Question

consider the situation where:
• an object is 3 cm
• mirror is concave with 6 focal length.
• object is placed at the centre of curvature.
which of the following options are correct?
A. the mirror will produce an image of magnification +1.5.
B. The mirror will produce an image of magnification -1.
C. The mirror will produce an image of magnification + 1.
D. The imarah will produce an image of magnification -1.5.​

Answer 1

• The object height is 3 cm.
• The object had been placed at the centre of curvature of a concave mirror of focal length 6 cm.

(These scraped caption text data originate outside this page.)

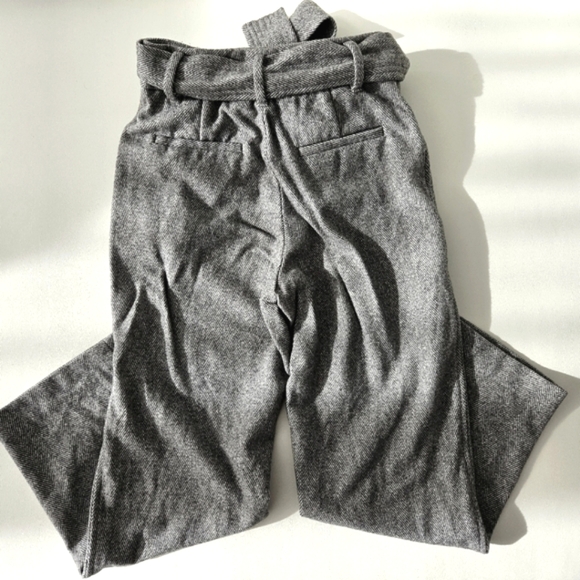 Aritzia Wilfred Jallade Pants, Grey, Size 00 - Picture 3 of 5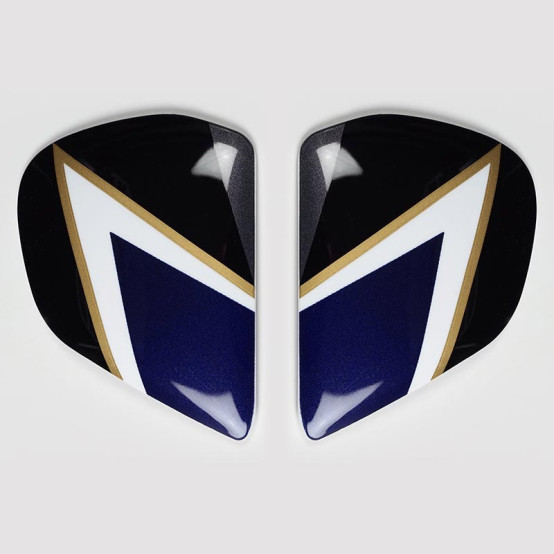 Cubiertas laterales ARAI LEAGUE UK (Compatible sistema VAS-V)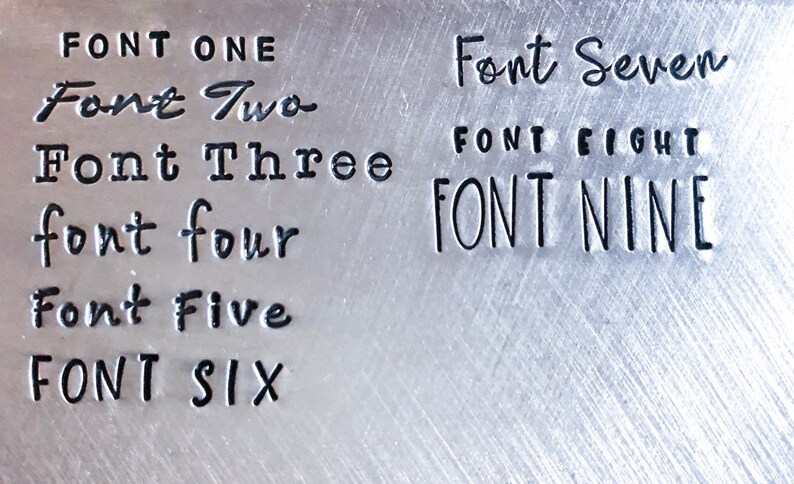 Hidden Message Tie Bar Tie Tack Hand Stamped Tie Bar Personalized Tie Bar Secret Message Custom Tie Clip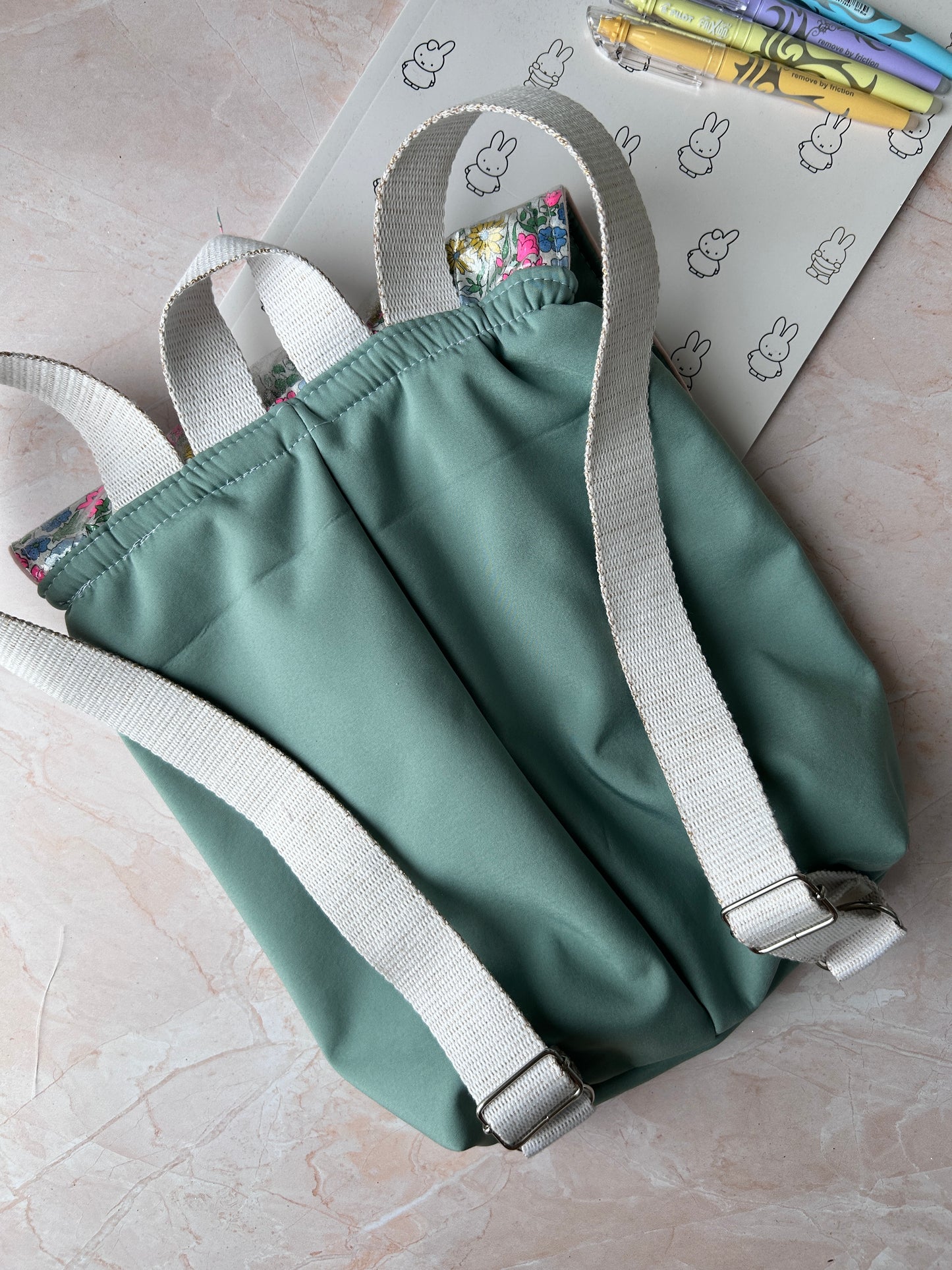 Sac à dos crèche/maternelle Liberty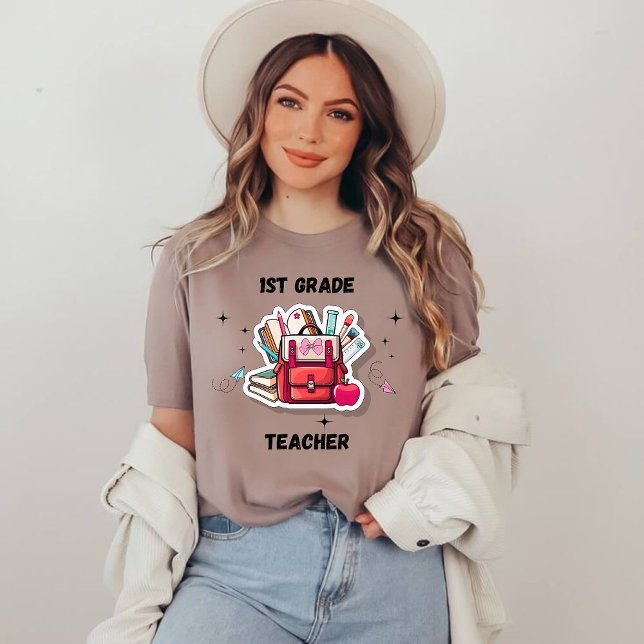 Camiseta personalized back to school t-shirt, coquette (Criador carregado)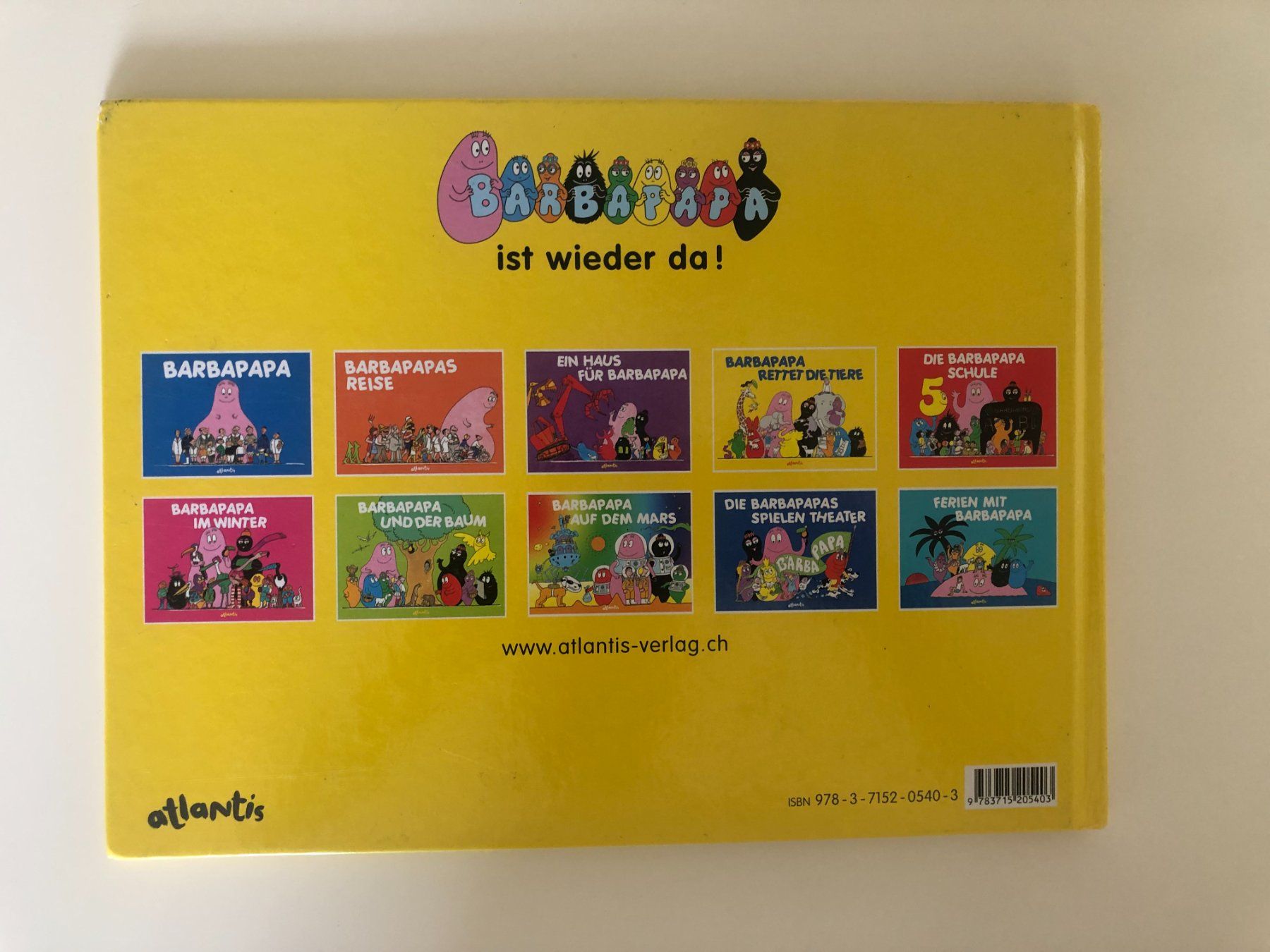 Libri: Barbapapa rettet die Tiere – Usato da Bassersdorf venduto da sammelfloh 8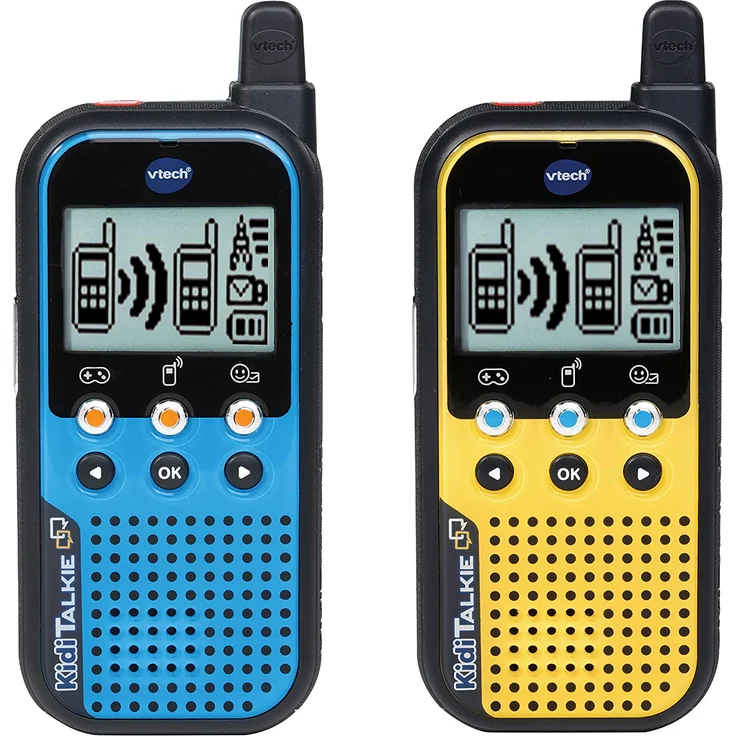 Vtech 80-518564 KidiTalkie, Walkietalkie, Mehrfarbig – Bild 1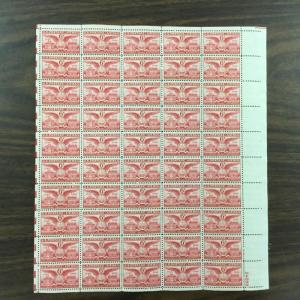 C40   Alexandria Virginia Bicentennial.   MNH 6¢ sheet of 50.   Issued  in 1949.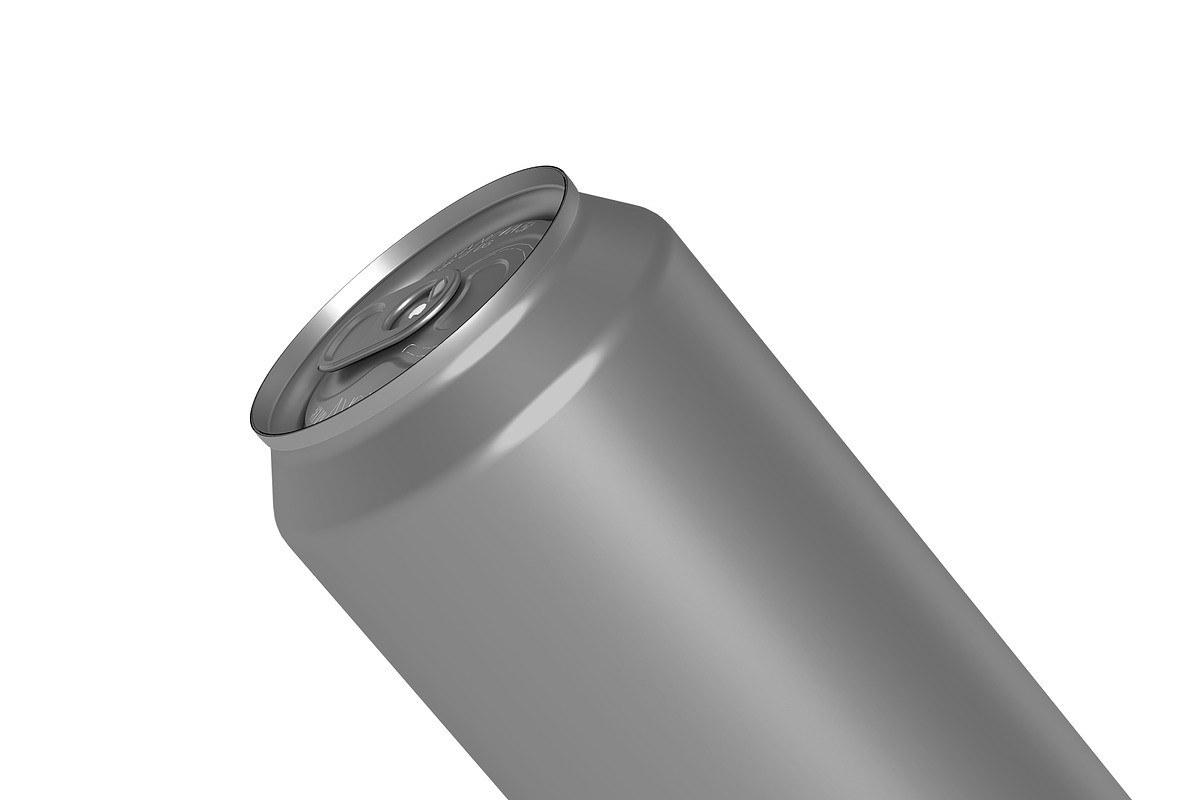 Beer Can Mockup, a Product Mockup by mockupbuys (Photo 2 of 9)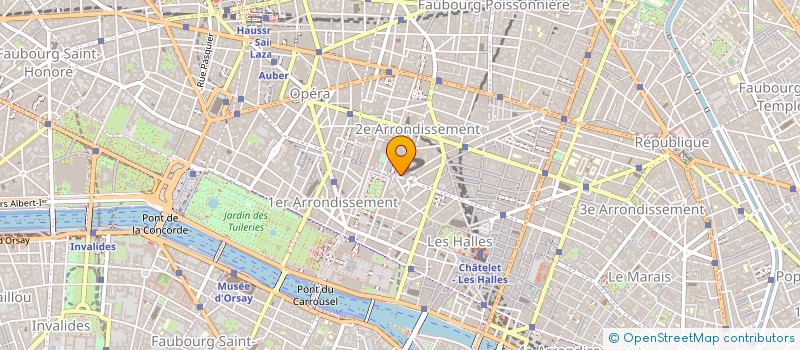 localisation de l'entreprise SYND.COPR. DU 2 RUE DES PETITS  PERES PA  PARIS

Now, let's find the image distance first:

$\dfrac{1}{f} = \dfrac{1}{v} + \dfrac{1}{u}$

$\implies \dfrac{1}{ - 6} = \dfrac{1}{v} + \dfrac{1}{ - 12}$

$\implies \dfrac{1}{v} = - \dfrac{1}{6} + \dfrac{1}{12}$

$\implies \dfrac{1}{v} = - \dfrac{1}{12}$

$\implies v = - 12 \: cm$

• So, image distance is -12 cm. That means image is produced at the centre of curvature.

$mag. = - \dfrac{v}{u} = - \dfrac{ - 12}{ - 12} = - 1$

So, magnification is -1.